These lines were written on board a tiny yacht bouncing through the stormy Drake Passage, en route to another adventure in Antarctica. Zdenda and I had planned this trip five years earlier, and ever since we’d looked forward to virgin peaks and new lines. Whatever ideas you have, fate sometimes has other plans in store. But no more sorrow—life goes on and we need to pursue our dreams. Zdenda would have done the same without hesitation.

Summary

Alpine-style first ascent of the northwest wall of Talung (7,349m) in the Kangchenjunga Himal, Nepal, by Czech climbers Marek Holecek and Zdenek Hruby, May 15–19, 2013. The route gained about 1,900 vertical meters, with ca 2,500 meters of climbing distance (WI6 M6+). The two men descended to the south and west, mainly following the route of the 1964 first ascent, and returned to base camp on May 20. They named the route Thumba Party after the traditional Nepalese drink made from fermented millet.

About the Author

Born in 1974, Marek Holecek has done big-wall and alpine first ascents in the Karakoram, Himalaya, and Andes. He lives in Prague.

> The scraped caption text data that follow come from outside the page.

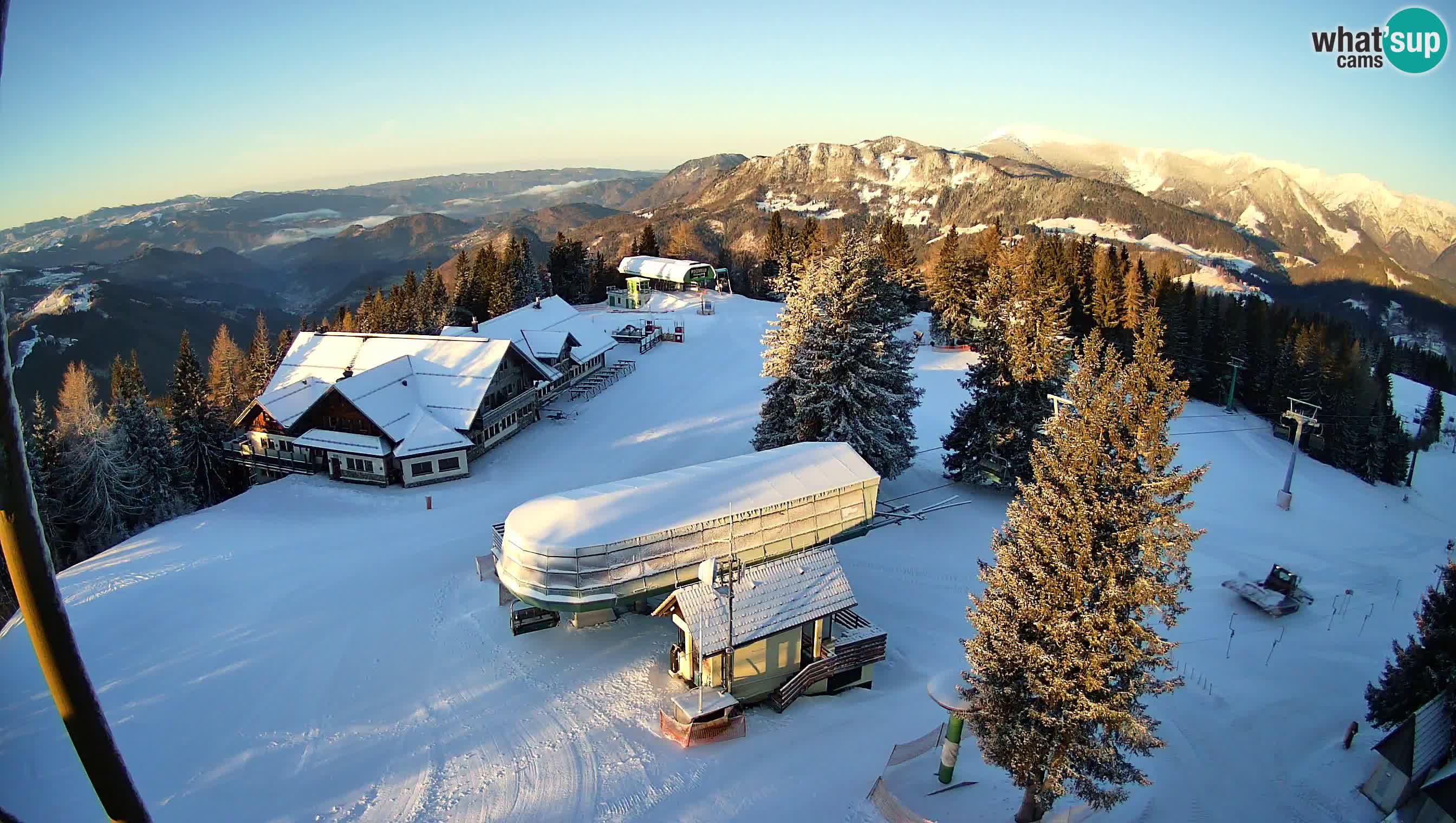 Live webcam Ski Cerkno – Počivalo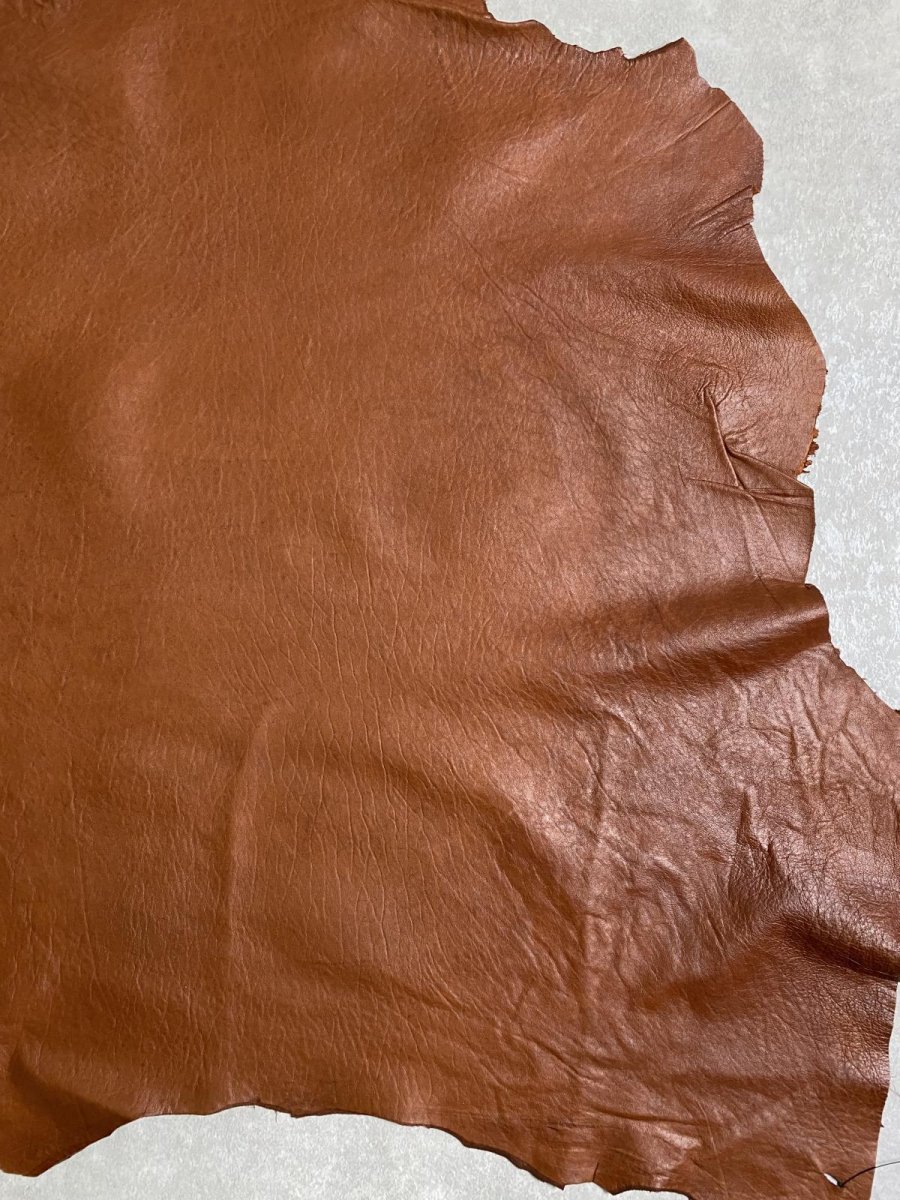 画像7: ラム 羊革 ブラウン (7)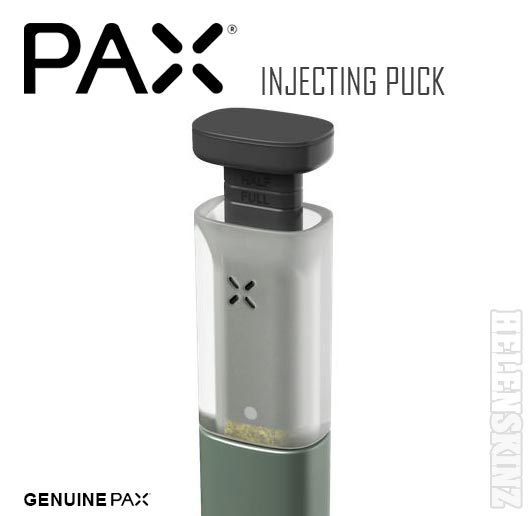 Injecting a Pax Press Puck of Herb into Pax Vape NZ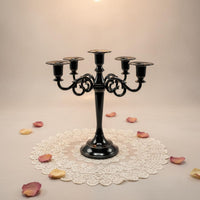5-Arm Candelabra Ornate Design Metal Candle Candelabra Gift Idea for Wedding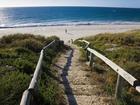 A human bone was found at Cottesloe Beach, Perth.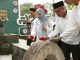 Bupati Zakiyah bersama jajarannya saat ziarah di makam Brigjen KH. Syam’un.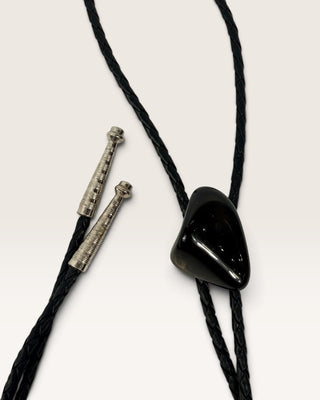 Black Stone Bolo Tie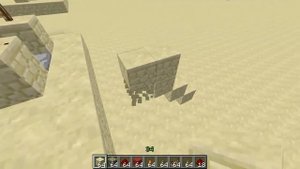Minecraft механизмы - [сдвиг блока на 2 вниз]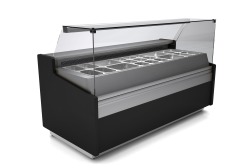 VENTILATED COUNTER SPIDER 100 WITH GN STRUCTURE - without trays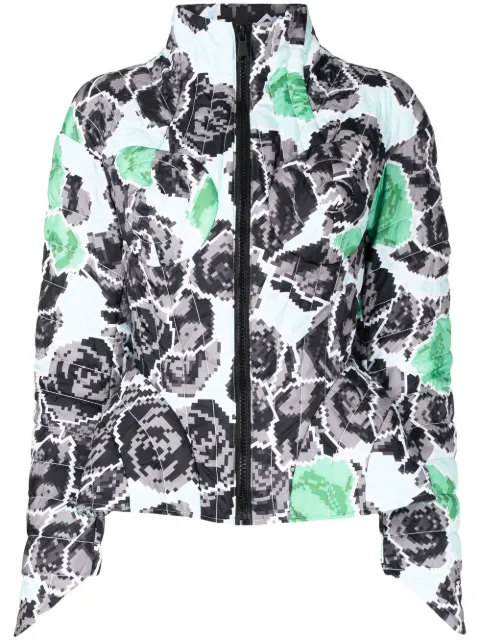Natasha Zinko chamarra capitonada con estampado floral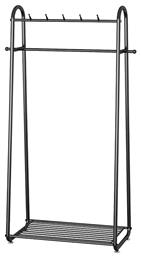 Κρεμάστρα Δαπέδου από Μέταλλο Μαύρη 80x35x174cm Next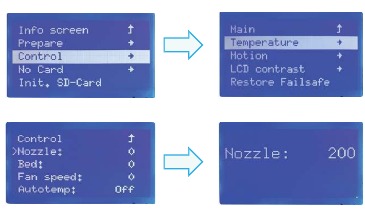 Filament laden - Stap 2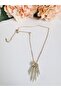 Steel Zircon Stone Separate Wearable Gold Combination Necklace 45 cm - 4
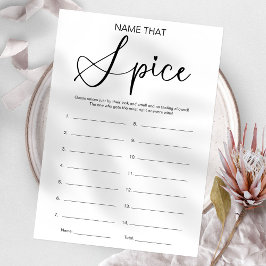 Invitación Adivinen El Juego De Ducha De Novias De Especias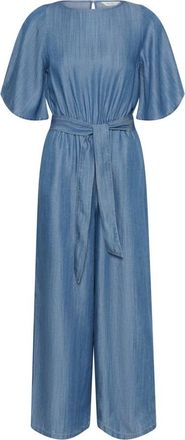 Part Two Blauwe Denim Jumpsuit met Wijde Pijpen - Dames - Jumpsuits - Blauw - XL - Denim - Jumpsuits & Playsuits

Editor’s note: Zdenek Hruby, age 57 at the time of his death, was president of the Czech Mountaineering Association, and was a distinguished figure in both his climbing and business lives. He had climbed eight 8,000-meter peaks as well as other summits throughout the world. Hruby had served on the boards of several of Czech’s largest companies and as the nation’s deputy minister of finance.

Translated from Czech by Zbysek Cesenek.